Online insurance broker iSelect has attempted to defend its commission structure as it prepares to list on the stock exchange.
iSelect, valued at $300m, is reported to be planning to list in the first half of this year. The brokerage,which sells car and health insurance, said it has always been open with customers.
This comes as insurance players criticised aggregators for contributing to soaring policy costs.
Health insurer Medibank Private sells its AHM products through iSelect. Managing director George Savvides said aggregators had done nothing to make insurance cheaper.
He told the Sydney Morning Herald that comparison sites “haven’t really changed the dynamics of affordability. In fact, I’d argue they’re adding to costs because of the commission.”

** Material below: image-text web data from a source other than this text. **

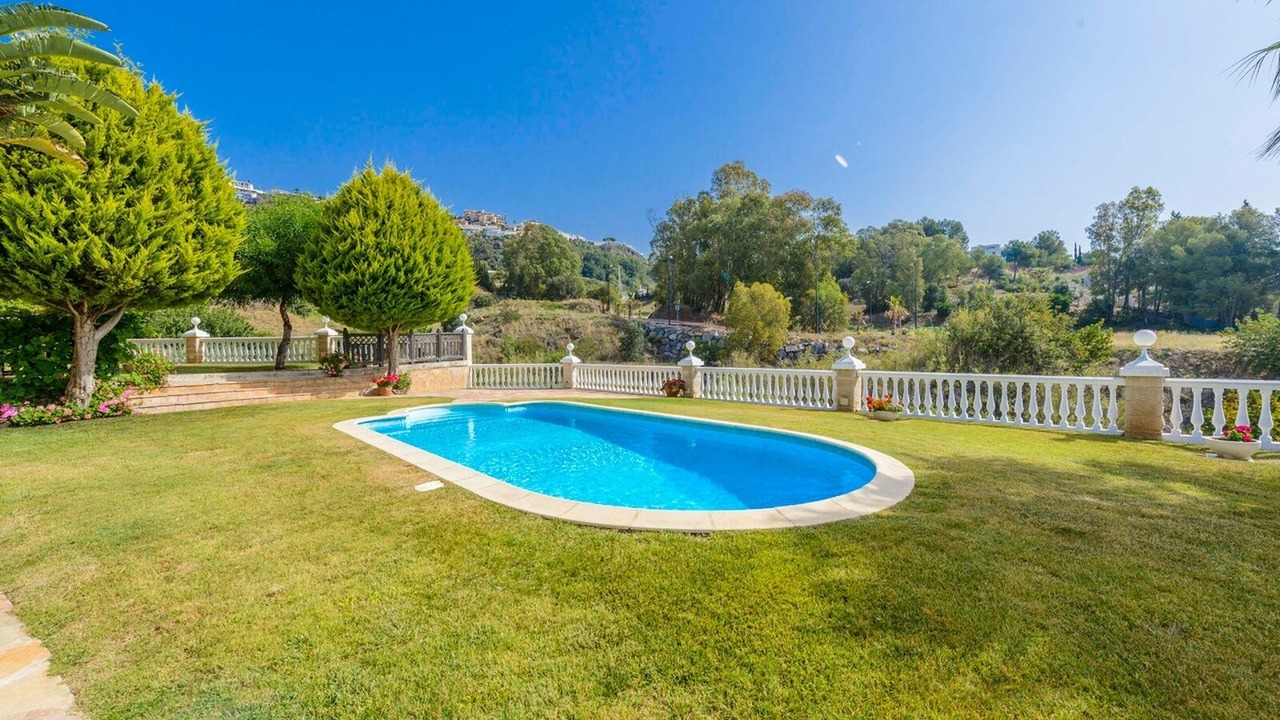 Photo of Outdoor in Benalmadena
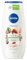 6er Pack - Nivea Duschgel Women - Winter Moment Cacao - 250ml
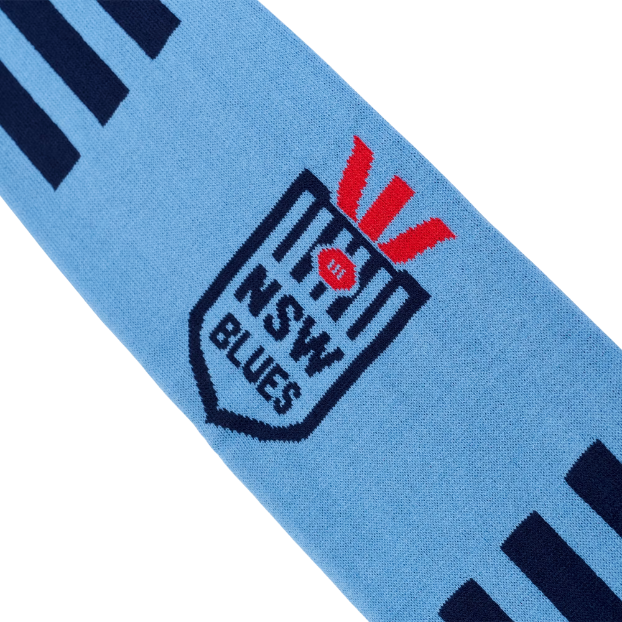 NSW Blues 2025 Scarf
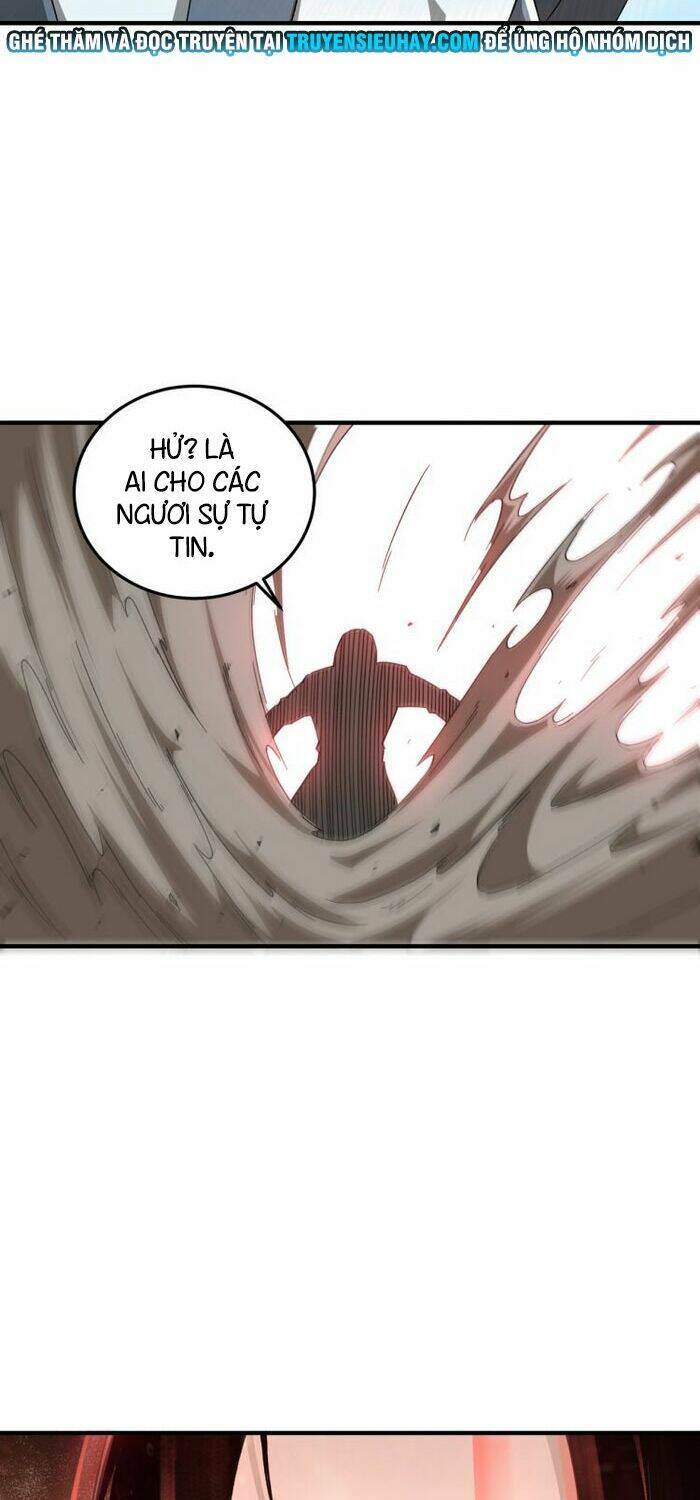 Tối Cường Phản Phái Hệ Thống Chapter 107 - Trang 2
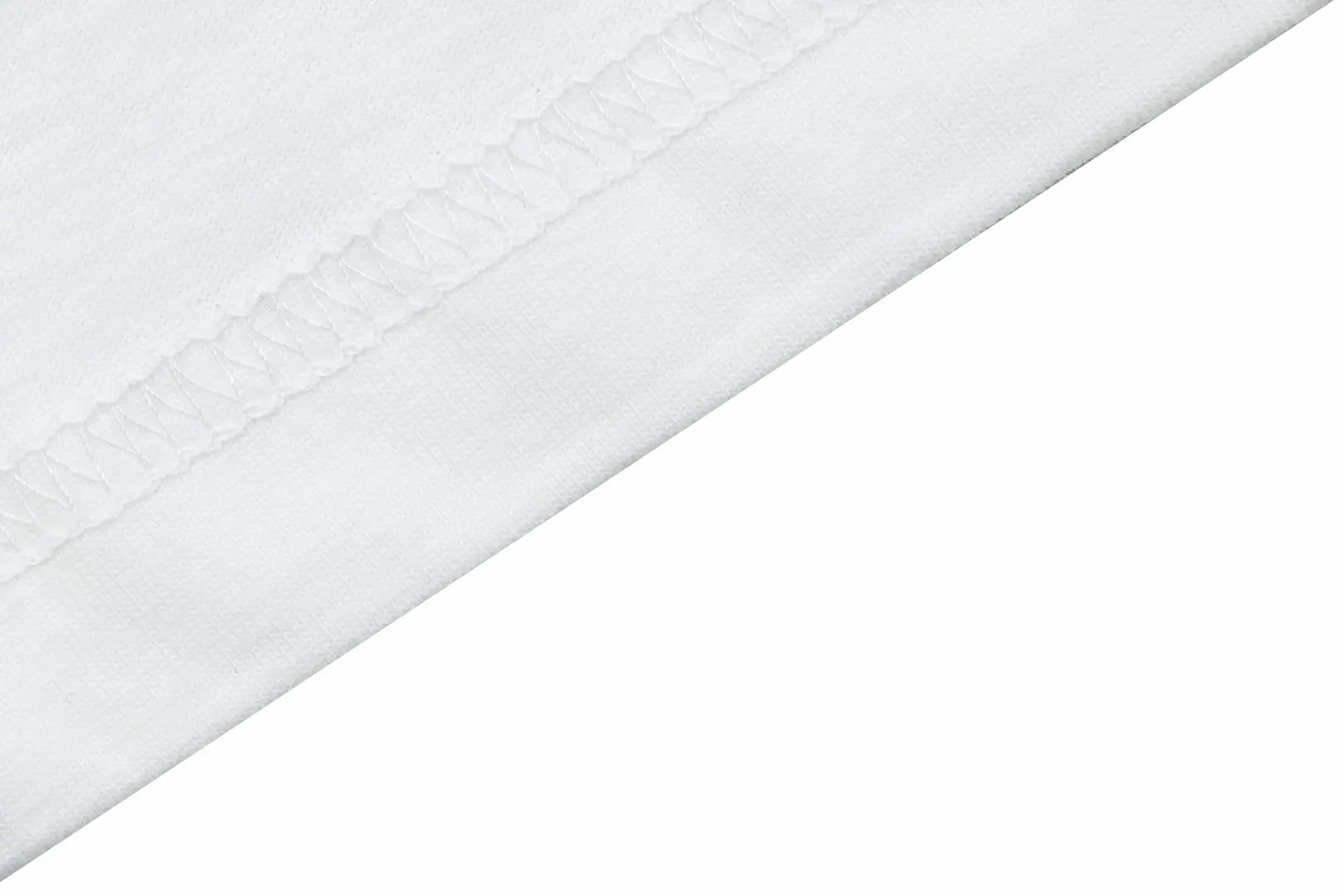 Bottom Hem Detail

iSelect CEO Matt McCann defended its commissions. “Our incentive is for when a consumer is well advised about a product that’s right for them, they should stay in that product,” he said. “Sometimes a word like 'churn' gets used. Churn is where a comparison site […] actively goes back to a customer and says to them, 'You should move somewhere else', without regard for their needs or personal circumstances. That is something that we don't do.''
McCann said providers that used comparison sites were ''doing it in a cost-effective way'' because they were able to ''build products that suit customers without the need for mass-market advertising''.
iSelect recently settled a legal case with Bupa, in which the health insurer accused the broker of making dubious advertising claims. Bupa does not sell its products through price comparison sites.
iSelect declined to comment to Insurance Business on the potential listing.